Macrophage activation syndrome (MAS) is believed to be the result of inappropriate proliferation and activation of the mononuclear phagocytic system. Adult-onset Still's disease (AOSD) is characterized by neutrophil activation and a cytokine storm, which can lead to its severe and potentially life-threatening complication MAS. RNA sequencing revealed that neutrophils may play a distinct and enhanced role in innate immunity in AOSD patients with MAS (AOSD-MAS). In the CpG-induced secondary hemophagocytic lymphohistiocytosis (HLH) model, depletion of neutrophils significantly reduced cytokine levels, with effects comparable to monocyte depletion.
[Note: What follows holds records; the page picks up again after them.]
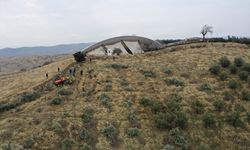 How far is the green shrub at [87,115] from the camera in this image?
36094 mm

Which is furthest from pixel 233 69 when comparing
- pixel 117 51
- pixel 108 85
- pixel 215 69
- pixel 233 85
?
pixel 117 51

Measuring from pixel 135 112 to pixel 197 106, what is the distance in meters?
6.77

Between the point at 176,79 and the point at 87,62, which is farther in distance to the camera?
the point at 87,62

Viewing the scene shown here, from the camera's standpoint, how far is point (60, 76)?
1932 inches

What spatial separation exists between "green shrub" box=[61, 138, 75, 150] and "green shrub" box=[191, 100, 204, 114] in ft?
45.3

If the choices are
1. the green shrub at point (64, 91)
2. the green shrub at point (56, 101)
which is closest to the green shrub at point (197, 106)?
the green shrub at point (64, 91)

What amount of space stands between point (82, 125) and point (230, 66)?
24799mm

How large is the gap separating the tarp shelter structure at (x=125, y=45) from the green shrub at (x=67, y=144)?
1259 inches

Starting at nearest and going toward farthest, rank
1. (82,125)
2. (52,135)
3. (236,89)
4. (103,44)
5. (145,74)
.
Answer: (52,135) → (82,125) → (236,89) → (145,74) → (103,44)

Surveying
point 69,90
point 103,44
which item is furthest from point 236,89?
point 103,44

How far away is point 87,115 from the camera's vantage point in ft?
121

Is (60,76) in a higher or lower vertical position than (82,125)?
higher

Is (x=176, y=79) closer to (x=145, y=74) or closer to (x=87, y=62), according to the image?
(x=145, y=74)

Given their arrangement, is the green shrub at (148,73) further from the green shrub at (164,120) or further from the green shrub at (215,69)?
the green shrub at (164,120) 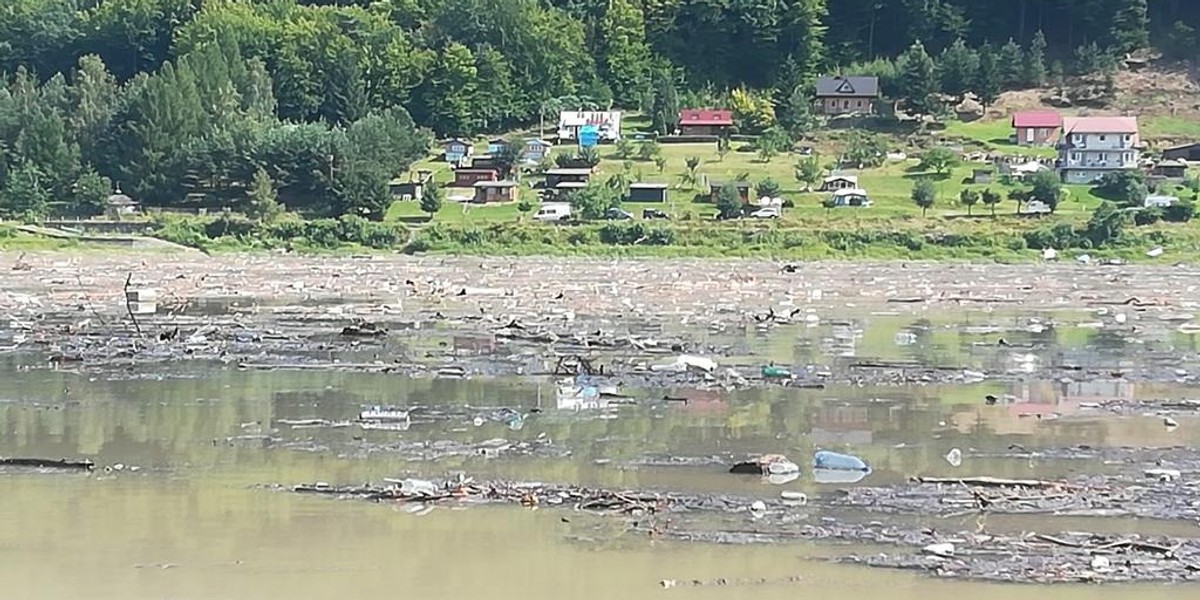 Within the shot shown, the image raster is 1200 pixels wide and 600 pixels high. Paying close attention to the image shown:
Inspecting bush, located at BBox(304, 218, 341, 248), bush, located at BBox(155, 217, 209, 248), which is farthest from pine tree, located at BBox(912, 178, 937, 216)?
bush, located at BBox(155, 217, 209, 248)

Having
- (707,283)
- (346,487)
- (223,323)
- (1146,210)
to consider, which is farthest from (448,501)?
(1146,210)

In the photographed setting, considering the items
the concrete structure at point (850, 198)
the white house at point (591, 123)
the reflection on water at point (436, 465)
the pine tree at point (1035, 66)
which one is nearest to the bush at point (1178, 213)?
the concrete structure at point (850, 198)

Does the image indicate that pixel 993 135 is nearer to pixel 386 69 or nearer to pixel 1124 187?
pixel 1124 187

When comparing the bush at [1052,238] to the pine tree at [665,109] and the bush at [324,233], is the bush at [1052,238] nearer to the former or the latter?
the bush at [324,233]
Significant enrichment was observed in the type I/II interferon and JAK-STAT pathways in neutrophils from AOSD-MAS patients. Treatment of 10 refractory AOSD-MAS patients with ruxolitinib led to the resolution of inflammatory parameters and clinical symptoms. RNA sequencing and ex vivo assays confirmed that ruxolitinib suppressed aberrant NETosis and STAT3/STAT5 signaling. In vivo, PAD4 knockout further confirmed the pathogenic role of NETosis in secondary HLH model. Moreover, selective inhibition of STAT3 or STAT5 alleviated systemic inflammation. Ten functional variants were identified in genes related to the JAK-STAT pathway, although their clinical relevance requires further validation. These findings suggest the potential of ruxolitinib in achieving disease remission in refractory AOSD-MAS patients by broadly inhibiting JAK-STAT signaling and modulation of neutrophil activation and NETosis.